[GIVEN INFORMATION Boundary: Start]

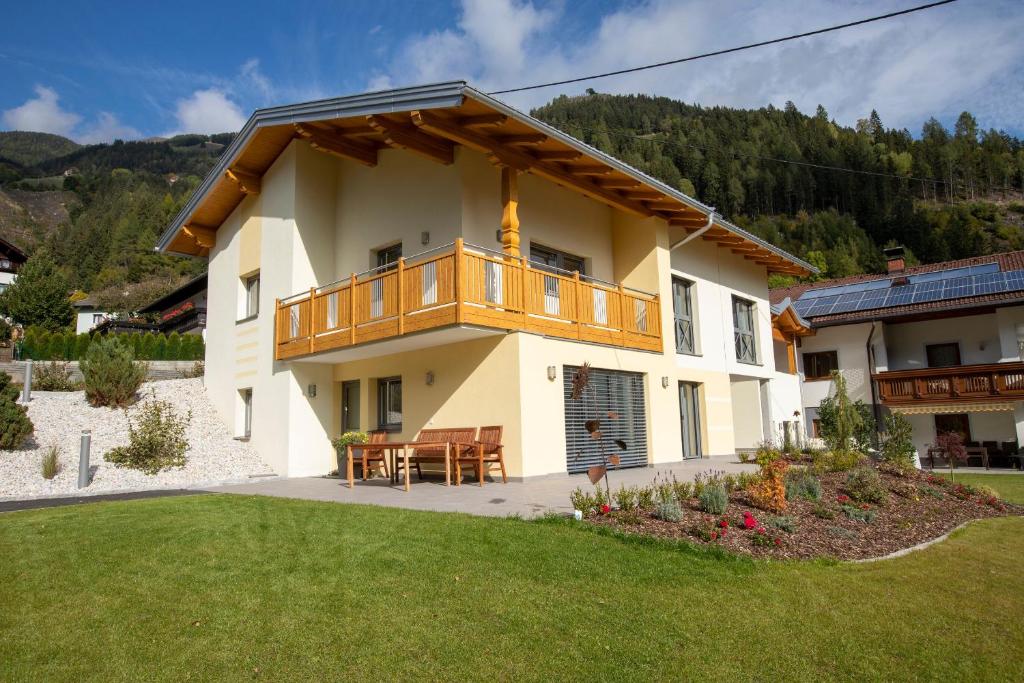 Nespecifikovaný výhled na hory nebo výhled na hory při pohledu z apartmánu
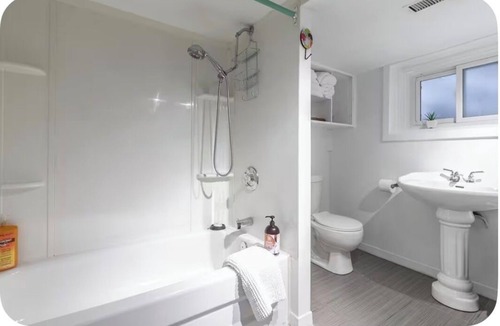 Parkdale Apartment | Cozy basement suite in Roncesvalles Parkdale Dundas west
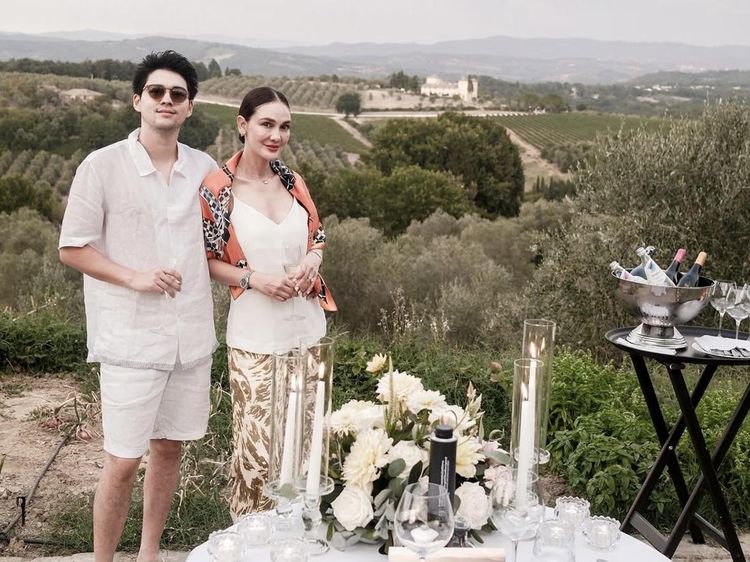Destinasi Honeymoon Sebulan Luna Maya dan Maxime Bouttier di Italia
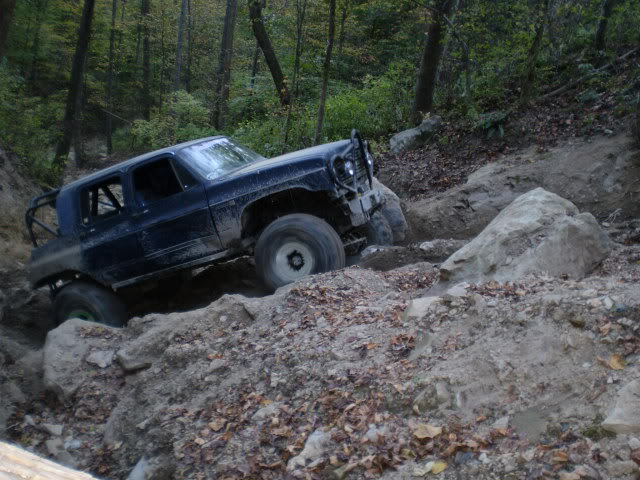 ai59.photobucket.com_albums_g305_1_tonmudder_Harlan_20KY_20fall_20ride_202010_fallride2010021.jpg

[GIVEN INFORMATION Boundary: End]

## WHAT YOU HAVE TO DO:
This task calls for the lines from the line containing "Parkdale Apartment |" through the end of the listing, set down exactly and only, with pictures omitted.

## TASK RESPONSE:
 Parkdale Apartment | Cozy basement suite in Roncesvalles Parkdale Dundas west
Destinasi Honeymoon Sebulan Luna Maya dan Maxime Bouttier di Italia
 ai59.photobucket.com_albums_g305_1_tonmudder_Harlan_20KY_20fall_20ride_202010_fallride2010021.jpg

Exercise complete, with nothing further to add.